### Task objective
Write back every line of the listing exactly, excluding images.

### Supplied material
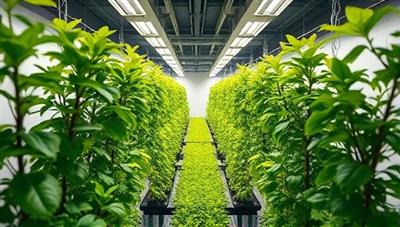 An artistic rendering of a modern, vertical indoor farm filled with lush green plants under artificial grow lights, symbolizing sustainability and innovation in urban agriculture.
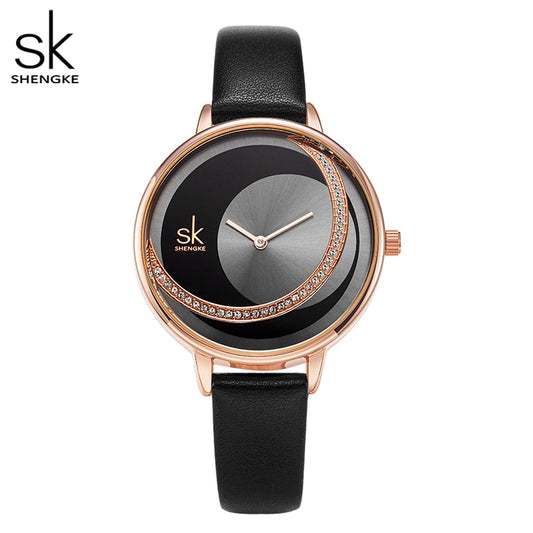 Shengke Creative Watch For Women Black Leather Dress Women&#39;s Watch Original Brand Quartz Wrist Watches Creative Reloj Mujer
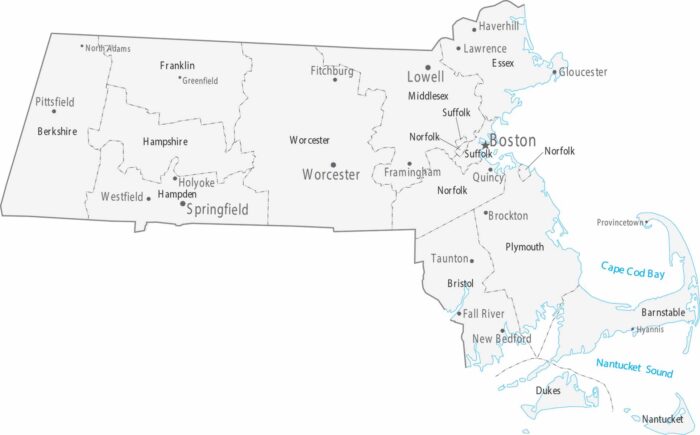 Massachusetts Counties Cities Map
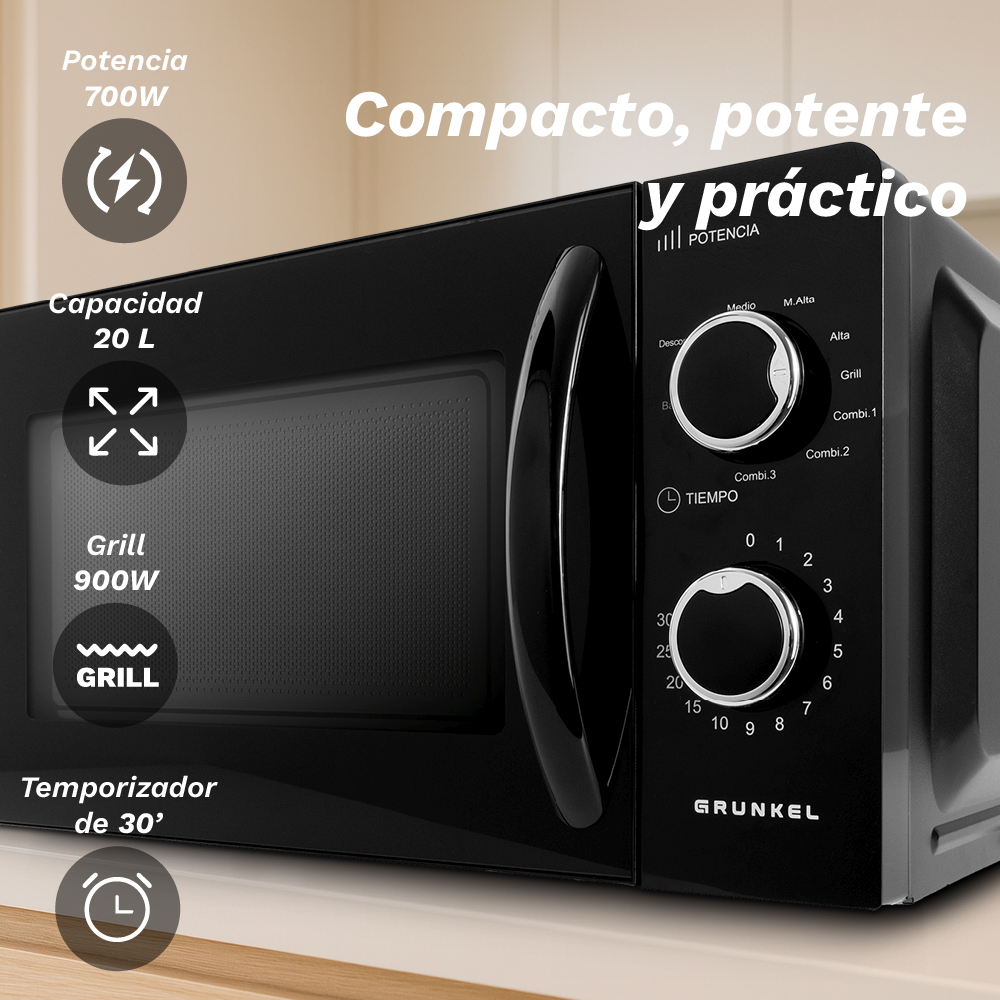 Horno microondas negro con diales de control y etiquetas de texto.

### Task answer
 An artistic rendering of a modern, vertical indoor farm filled with lush green plants under artificial grow lights, symbolizing sustainability and innovation in urban agriculture.
 Shengke Creative Watch For Women Black Leather Dress Women&#39;s Watch Original Brand Quartz Wrist Watches Creative Reloj Mujer
 Massachusetts Counties Cities Map
 Horno microondas negro con diales de control y etiquetas de texto.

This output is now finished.